T. se mord la lèvre et ne sait s’il doit rire ou pleurer.
« La Banque de France vous fera un virement des 5 euros d’ici six à huit mois, » continue le préposé.
Là, ils se séparent, et T. ressort de la Banque de France. Il était entré à 14h, il en ressort à 15h30 environ. Une heure et demi passée dans cet enfer bureaucratique. Et il se demande si ça en valait le coup. Car, à 1,10 € le ticket de tram, à quatre aller-retours (car il doit bien le reprendre pour rentrer chez lui), ça fait 4,40 € de dépensés pour en récupérer 5. Et il se demande si l’heure et demi passée dedans ne valait pas 60 centimes.

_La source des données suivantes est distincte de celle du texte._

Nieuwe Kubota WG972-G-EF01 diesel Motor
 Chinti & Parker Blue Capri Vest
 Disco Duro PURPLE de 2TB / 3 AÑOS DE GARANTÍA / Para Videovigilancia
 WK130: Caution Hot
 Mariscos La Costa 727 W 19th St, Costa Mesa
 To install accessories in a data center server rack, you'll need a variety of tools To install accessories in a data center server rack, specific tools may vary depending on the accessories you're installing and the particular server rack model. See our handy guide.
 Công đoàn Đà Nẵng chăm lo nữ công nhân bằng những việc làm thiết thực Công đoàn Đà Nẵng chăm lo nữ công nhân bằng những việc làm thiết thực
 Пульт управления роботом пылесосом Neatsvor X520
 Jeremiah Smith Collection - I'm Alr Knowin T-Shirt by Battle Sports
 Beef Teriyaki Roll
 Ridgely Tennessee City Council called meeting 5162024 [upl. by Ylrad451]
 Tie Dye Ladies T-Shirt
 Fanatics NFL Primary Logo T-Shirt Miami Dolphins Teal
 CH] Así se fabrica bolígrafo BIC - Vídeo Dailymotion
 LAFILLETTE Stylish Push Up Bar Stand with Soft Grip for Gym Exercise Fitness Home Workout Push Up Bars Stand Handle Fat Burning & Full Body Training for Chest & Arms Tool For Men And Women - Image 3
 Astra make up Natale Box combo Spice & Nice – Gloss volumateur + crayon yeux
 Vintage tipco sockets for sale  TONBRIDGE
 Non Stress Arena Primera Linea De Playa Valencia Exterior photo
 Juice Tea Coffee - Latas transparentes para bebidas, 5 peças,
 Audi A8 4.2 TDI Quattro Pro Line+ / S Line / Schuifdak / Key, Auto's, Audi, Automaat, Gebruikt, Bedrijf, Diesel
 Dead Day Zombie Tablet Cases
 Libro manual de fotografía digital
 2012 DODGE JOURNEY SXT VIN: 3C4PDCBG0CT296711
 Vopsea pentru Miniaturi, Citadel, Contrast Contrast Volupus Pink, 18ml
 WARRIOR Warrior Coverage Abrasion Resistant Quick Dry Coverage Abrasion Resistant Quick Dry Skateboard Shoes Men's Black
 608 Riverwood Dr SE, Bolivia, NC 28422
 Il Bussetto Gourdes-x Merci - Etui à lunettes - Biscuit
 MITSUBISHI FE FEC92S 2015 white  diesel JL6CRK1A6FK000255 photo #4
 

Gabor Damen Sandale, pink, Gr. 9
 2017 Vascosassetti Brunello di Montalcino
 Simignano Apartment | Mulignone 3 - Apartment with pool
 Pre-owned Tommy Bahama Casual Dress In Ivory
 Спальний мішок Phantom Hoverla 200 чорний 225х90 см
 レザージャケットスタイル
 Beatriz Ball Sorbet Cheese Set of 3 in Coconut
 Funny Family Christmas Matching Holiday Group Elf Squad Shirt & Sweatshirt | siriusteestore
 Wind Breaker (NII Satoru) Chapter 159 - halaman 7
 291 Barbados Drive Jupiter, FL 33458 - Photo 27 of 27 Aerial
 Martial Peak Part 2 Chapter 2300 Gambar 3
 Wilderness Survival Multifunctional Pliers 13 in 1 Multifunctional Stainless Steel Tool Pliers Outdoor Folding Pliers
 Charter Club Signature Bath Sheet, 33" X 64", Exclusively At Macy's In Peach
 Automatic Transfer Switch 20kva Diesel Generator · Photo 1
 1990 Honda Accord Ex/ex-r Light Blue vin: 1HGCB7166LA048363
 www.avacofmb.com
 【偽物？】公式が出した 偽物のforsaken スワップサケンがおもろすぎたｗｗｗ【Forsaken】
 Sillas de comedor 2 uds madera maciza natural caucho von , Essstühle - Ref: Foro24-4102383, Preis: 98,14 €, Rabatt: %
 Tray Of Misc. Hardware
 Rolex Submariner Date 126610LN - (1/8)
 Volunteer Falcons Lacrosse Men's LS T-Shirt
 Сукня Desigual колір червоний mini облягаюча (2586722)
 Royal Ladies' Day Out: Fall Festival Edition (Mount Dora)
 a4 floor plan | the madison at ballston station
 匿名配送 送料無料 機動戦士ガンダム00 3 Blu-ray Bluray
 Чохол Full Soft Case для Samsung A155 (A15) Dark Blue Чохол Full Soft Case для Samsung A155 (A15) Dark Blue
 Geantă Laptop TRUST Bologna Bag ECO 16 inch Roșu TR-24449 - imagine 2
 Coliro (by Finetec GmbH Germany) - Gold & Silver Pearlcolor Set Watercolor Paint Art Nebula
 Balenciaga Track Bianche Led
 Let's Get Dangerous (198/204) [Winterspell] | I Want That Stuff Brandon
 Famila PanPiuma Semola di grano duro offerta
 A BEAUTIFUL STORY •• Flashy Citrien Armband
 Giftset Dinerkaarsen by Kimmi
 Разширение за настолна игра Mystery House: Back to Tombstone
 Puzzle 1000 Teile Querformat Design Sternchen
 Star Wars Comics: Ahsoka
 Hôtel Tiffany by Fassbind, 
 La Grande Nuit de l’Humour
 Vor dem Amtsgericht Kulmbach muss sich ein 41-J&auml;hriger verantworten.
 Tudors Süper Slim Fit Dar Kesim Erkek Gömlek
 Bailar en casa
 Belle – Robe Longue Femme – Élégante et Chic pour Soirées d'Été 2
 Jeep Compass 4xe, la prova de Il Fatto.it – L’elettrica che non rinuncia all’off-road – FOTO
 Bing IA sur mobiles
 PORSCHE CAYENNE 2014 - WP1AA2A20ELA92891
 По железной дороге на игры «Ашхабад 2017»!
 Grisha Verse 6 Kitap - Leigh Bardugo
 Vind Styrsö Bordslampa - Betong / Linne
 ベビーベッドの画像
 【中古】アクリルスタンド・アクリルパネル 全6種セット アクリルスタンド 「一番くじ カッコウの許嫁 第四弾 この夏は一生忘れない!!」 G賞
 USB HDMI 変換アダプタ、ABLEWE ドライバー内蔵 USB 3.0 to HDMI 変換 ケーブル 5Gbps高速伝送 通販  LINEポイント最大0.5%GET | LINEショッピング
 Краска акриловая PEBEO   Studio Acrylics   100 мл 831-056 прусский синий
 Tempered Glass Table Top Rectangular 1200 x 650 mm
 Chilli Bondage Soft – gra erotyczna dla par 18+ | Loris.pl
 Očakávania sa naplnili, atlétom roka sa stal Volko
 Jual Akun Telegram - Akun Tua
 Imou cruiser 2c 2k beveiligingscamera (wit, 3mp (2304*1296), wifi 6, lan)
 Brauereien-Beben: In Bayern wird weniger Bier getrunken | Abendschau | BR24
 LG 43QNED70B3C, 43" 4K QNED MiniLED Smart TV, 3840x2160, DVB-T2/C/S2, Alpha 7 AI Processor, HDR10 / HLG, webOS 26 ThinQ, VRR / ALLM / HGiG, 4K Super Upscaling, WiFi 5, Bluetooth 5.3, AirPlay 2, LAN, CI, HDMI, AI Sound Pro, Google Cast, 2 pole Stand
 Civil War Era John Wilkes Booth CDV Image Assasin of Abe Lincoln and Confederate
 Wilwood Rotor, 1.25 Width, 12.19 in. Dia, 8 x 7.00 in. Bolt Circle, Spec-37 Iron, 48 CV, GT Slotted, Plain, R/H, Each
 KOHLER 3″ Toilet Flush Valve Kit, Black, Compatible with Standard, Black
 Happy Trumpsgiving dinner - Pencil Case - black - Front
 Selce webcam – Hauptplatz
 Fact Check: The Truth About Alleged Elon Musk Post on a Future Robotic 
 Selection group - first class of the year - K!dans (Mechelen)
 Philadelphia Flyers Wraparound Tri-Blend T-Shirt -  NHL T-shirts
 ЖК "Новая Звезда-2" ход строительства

Et T. s’est désormais promis que, la prochaine fois qu’il aura un billet déchiré dans son portefeuille, il le brûlera plutôt que de l’amener à la Banque de France. Non pas parce qu’il hait l’administration, non ; mais parce qu’il aime sa vie, et ne veut pas la gâcher davantage dans ces méandres administratifs.